Assignment: Leaving out all pictures, reproduce the entries below exactly, from the first line through the line that contains "FUNKO BITTY POP".

Records excerpted from a collection
=====

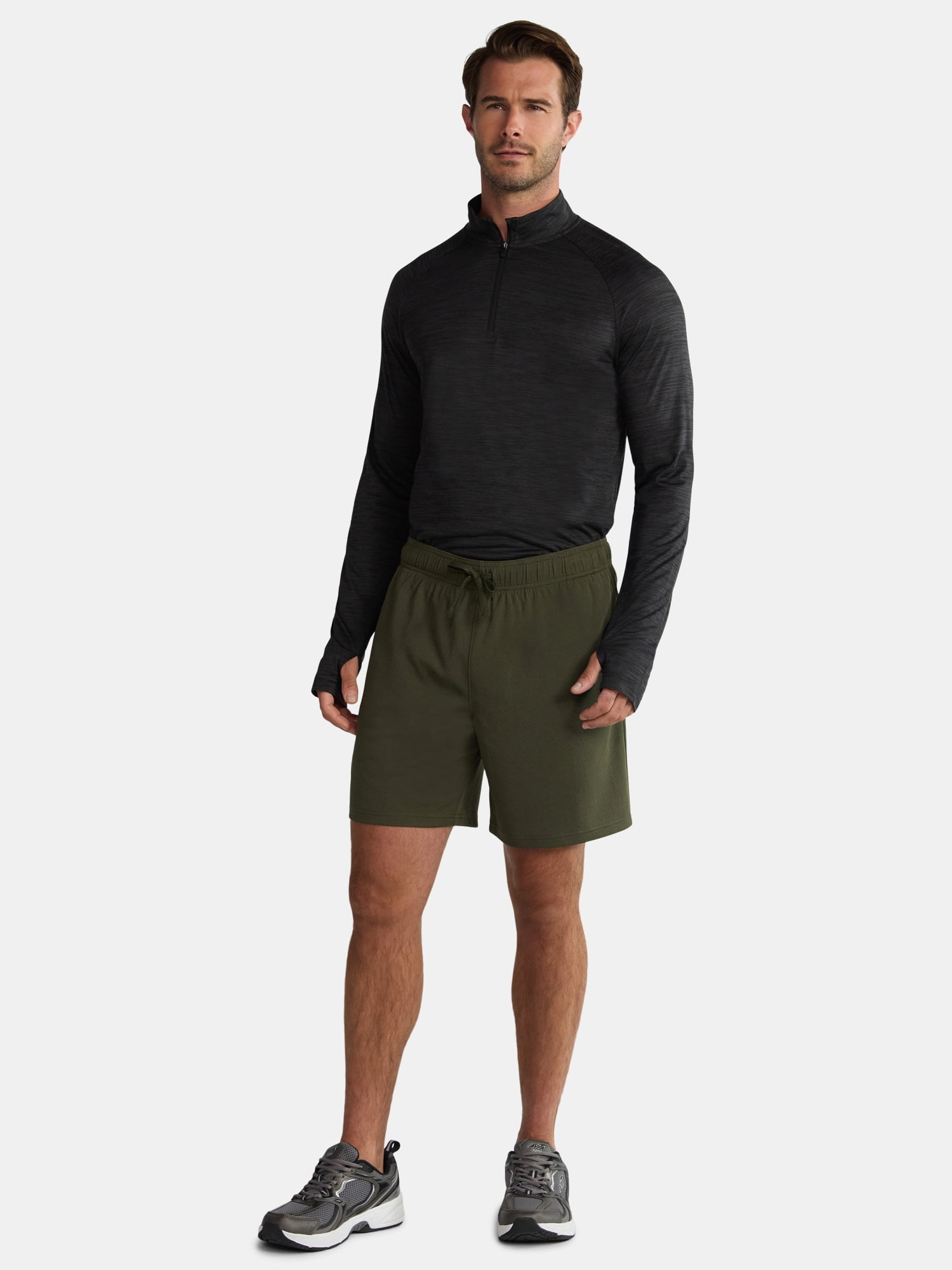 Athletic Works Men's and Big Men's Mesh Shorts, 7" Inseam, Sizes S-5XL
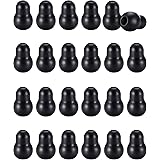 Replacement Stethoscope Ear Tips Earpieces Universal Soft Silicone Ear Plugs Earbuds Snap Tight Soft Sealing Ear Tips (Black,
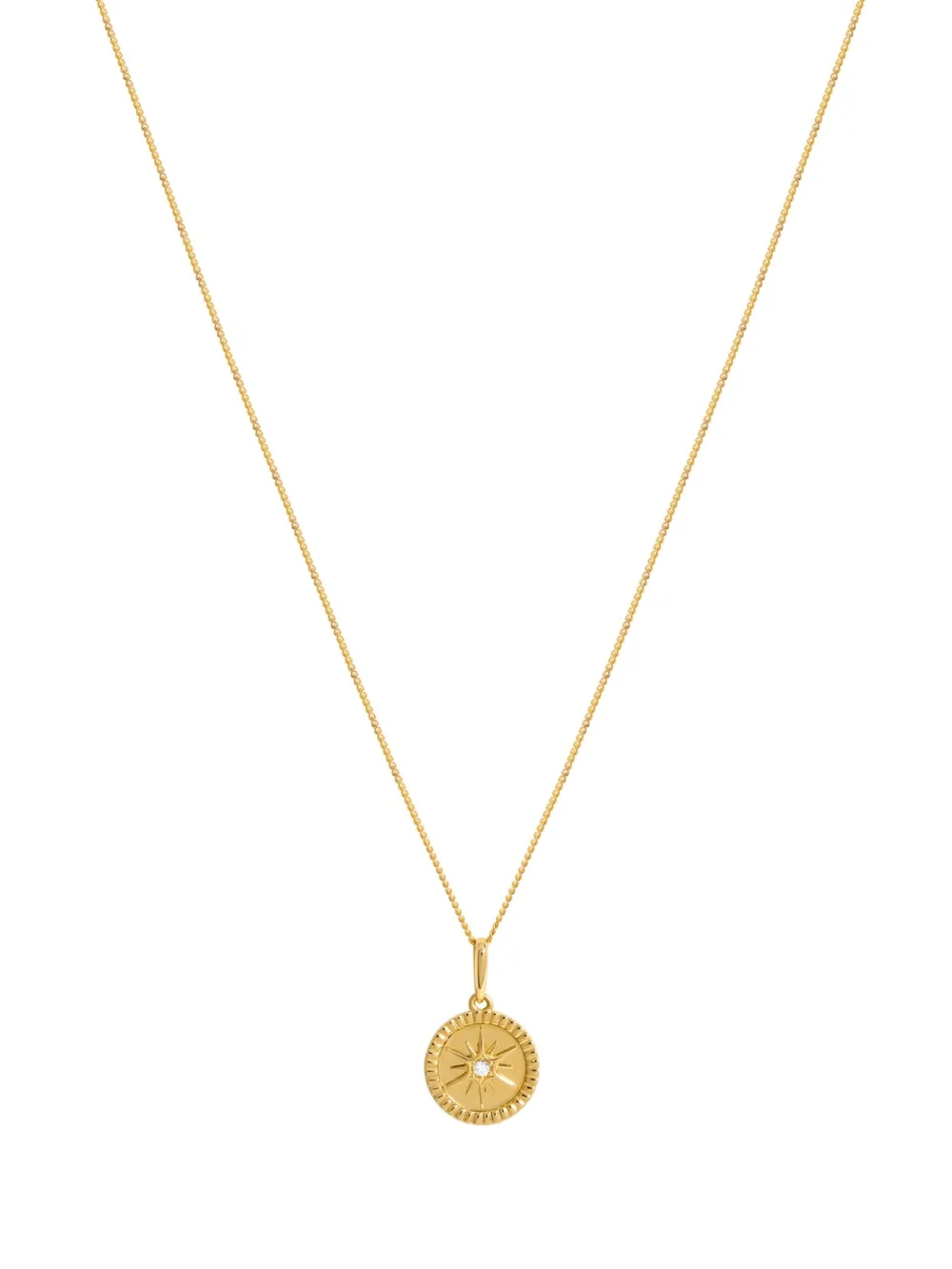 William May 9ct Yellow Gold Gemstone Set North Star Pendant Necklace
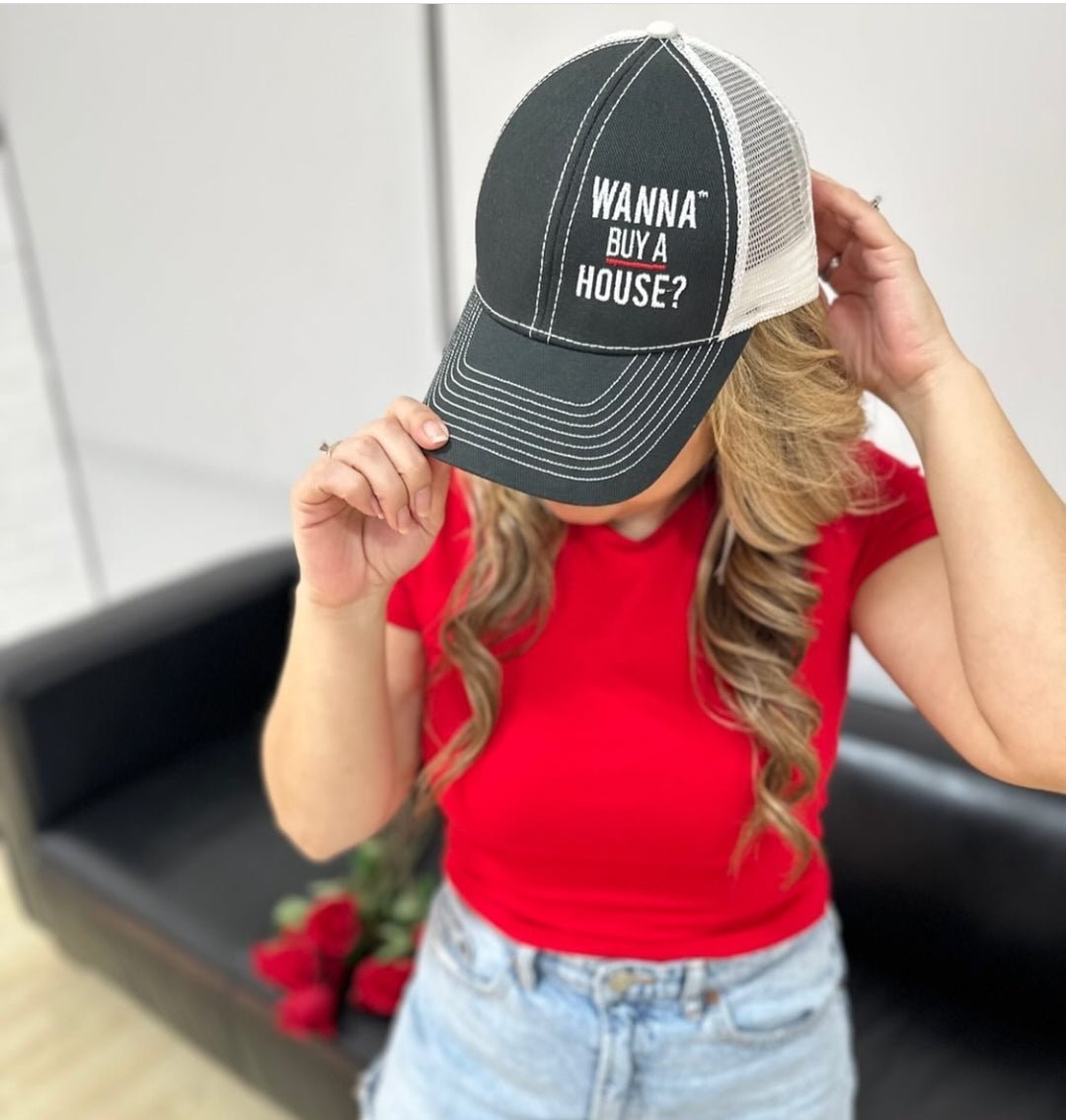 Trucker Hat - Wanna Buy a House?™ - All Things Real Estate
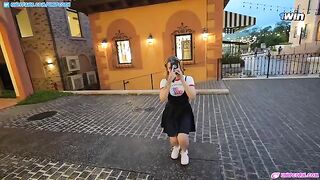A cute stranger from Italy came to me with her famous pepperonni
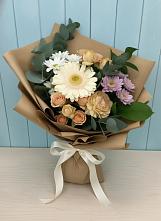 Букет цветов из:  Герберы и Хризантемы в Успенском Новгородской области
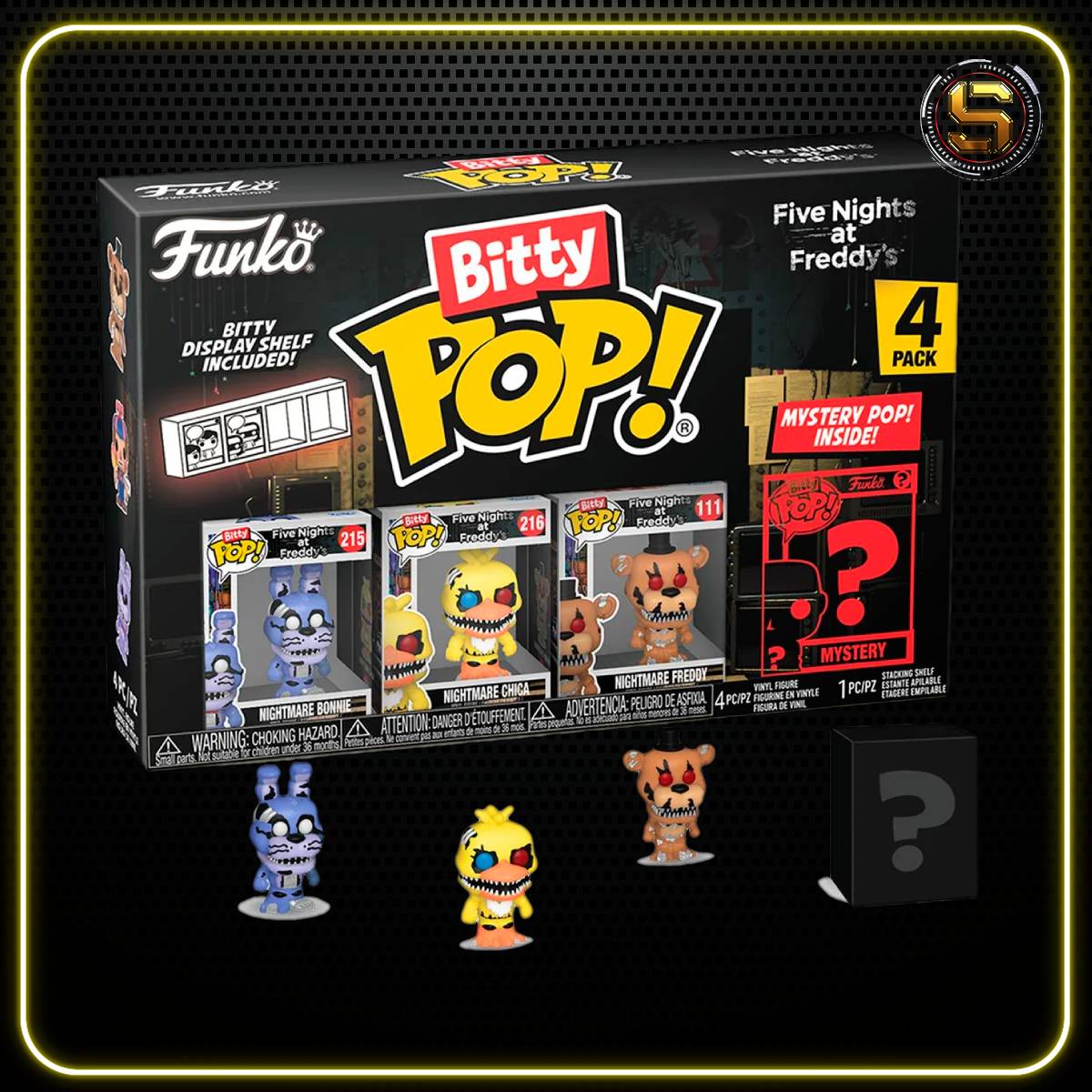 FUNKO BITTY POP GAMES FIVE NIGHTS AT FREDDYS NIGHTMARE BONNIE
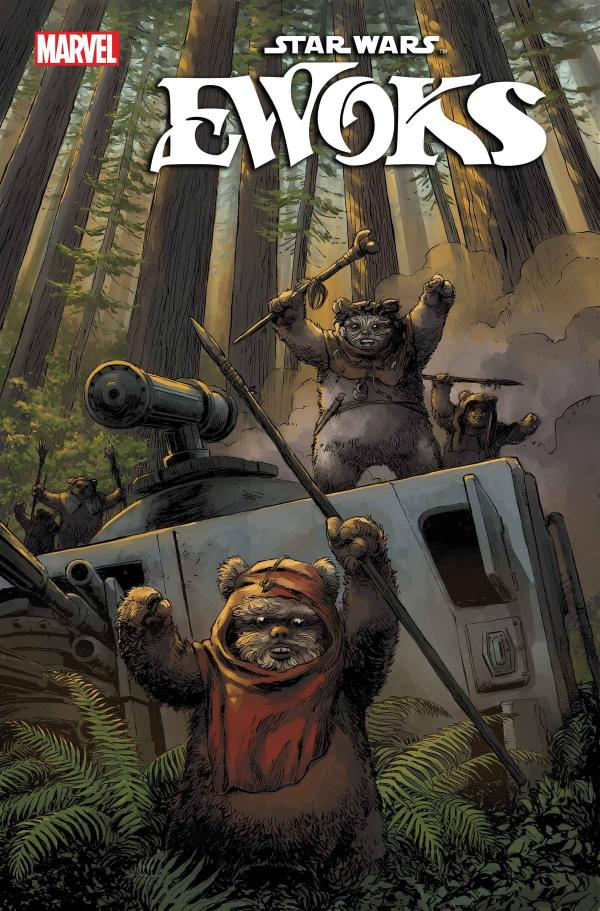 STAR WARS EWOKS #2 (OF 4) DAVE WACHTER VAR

=====

Answer space:
 Athletic Works Men's and Big Men's Mesh Shorts, 7" Inseam, Sizes S-5XL
 Replacement Stethoscope Ear Tips Earpieces Universal Soft Silicone Ear Plugs Earbuds Snap Tight Soft Sealing Ear Tips (Black,
 William May 9ct Yellow Gold Gemstone Set North Star Pendant Necklace
 Trucker Hat - Wanna Buy a House?™ - All Things Real Estate
A cute stranger from Italy came to me with her famous pepperonni
 Букет цветов из:  Герберы и Хризантемы в Успенском Новгородской области
 FUNKO BITTY POP GAMES FIVE NIGHTS AT FREDDYS NIGHTMARE BONNIE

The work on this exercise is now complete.